Many thanks to Tom Walker and the program committee for inviting me to be with you today. I understand that you’ve also heard recently, or will hear shortly, from my North Country colleague Joe Kennedy and from the new chancellor of Syracuse University . How you will manage to survive so much contact with university presidents is a puzzle. You must be very strong people, indeed!

I want to use my time today to talk about some myths of higher education in New York State , and especially some myths associated with private higher education. I suspect you’ll be surprised by some of what I’m going to say, and that is a good thing.

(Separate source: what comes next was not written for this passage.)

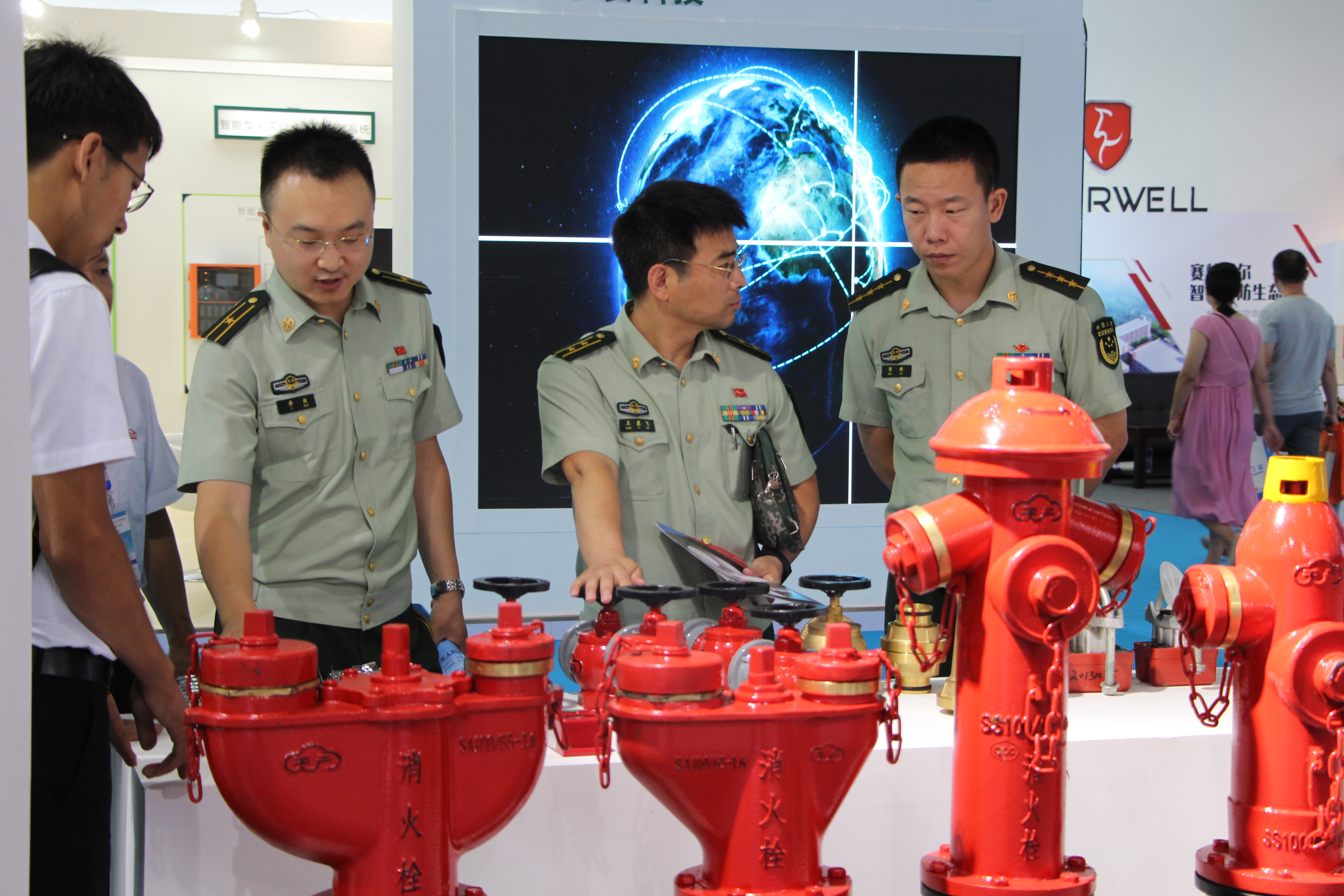 挖贝网_让信披更及时(图1)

But first let me say that my university—St. Lawrence University—is thriving right now. We have record and near-record numbers of applications for admission; the percentage of accepted applicants who choose to enroll is high compared to our peers; the quality of our incoming students has been increasing every year, and this year is no exception; the percentage of our students who are American students of color has never been higher, a consequence of our strong commitment to increasing the diversity of St. Lawrence students; over 40% of our students study abroad in one of our 14 programs, including in our Kenya Program, the oldest continuously operating American college program in Africa; a successful $130 million fund raising campaign has supported our endowment and helped us do almost $100 million in new construction and renovation since I arrived 8 years ago; our students and their families are happier than they’ve been for a long time with the quality of the academic and student development experiences we provide. We’ve invested aggressively in people, programs and facilities in order to get better faster than our competitors in all of the ways that matter most for the education of our students, and it is paying off.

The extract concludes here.